• _TASK TO COMPLETE_:
The answer must consist of every line from the entries below that contains the word "stainless".

Items from a data source
++++

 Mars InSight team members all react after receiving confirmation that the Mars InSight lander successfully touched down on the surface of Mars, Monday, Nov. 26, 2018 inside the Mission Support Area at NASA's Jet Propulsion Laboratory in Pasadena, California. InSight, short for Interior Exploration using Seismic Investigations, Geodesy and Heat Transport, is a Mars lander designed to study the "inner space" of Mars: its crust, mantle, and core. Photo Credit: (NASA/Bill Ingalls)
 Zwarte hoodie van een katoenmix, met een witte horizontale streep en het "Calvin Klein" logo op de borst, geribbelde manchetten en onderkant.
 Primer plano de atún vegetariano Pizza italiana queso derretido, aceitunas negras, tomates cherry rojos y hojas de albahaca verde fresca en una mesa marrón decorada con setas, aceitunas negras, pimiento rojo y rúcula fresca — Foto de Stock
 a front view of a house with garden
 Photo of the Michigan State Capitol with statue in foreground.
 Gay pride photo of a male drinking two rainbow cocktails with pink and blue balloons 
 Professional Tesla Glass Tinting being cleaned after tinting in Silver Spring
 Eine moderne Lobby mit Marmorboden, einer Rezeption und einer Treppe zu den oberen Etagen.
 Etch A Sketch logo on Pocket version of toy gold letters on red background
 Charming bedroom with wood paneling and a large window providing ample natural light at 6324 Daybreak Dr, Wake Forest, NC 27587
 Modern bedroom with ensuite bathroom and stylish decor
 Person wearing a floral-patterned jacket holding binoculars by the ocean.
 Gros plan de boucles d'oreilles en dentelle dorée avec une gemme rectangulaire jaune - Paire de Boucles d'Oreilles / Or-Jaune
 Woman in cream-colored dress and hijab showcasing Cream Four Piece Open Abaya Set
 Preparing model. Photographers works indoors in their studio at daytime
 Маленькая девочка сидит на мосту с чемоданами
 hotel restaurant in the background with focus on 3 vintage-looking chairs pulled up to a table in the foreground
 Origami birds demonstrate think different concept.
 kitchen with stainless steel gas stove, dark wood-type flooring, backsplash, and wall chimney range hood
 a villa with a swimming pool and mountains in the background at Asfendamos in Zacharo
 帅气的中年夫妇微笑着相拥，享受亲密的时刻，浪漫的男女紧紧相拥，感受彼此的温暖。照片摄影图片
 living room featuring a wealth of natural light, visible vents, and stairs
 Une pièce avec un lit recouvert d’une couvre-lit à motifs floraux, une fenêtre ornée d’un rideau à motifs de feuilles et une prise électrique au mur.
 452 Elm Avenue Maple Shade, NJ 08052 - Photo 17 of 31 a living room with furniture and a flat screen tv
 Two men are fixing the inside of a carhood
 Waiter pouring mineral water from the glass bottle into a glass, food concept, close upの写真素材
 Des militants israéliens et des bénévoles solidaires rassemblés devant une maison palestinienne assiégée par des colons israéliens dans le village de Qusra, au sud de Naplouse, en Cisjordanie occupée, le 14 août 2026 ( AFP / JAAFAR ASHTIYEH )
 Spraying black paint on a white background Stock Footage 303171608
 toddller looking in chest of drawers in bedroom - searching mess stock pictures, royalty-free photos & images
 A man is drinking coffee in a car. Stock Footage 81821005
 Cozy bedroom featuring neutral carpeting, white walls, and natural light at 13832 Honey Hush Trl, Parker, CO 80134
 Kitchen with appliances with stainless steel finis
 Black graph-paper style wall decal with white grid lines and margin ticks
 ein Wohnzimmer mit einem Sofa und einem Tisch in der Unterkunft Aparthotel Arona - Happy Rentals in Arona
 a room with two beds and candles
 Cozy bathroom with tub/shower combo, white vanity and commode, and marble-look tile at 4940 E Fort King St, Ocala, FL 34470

++++

• _SOLUTION BELOW_:
 kitchen with stainless steel gas stove, dark wood-type flooring, backsplash, and wall chimney range hood
 Kitchen with appliances with stainless steel finis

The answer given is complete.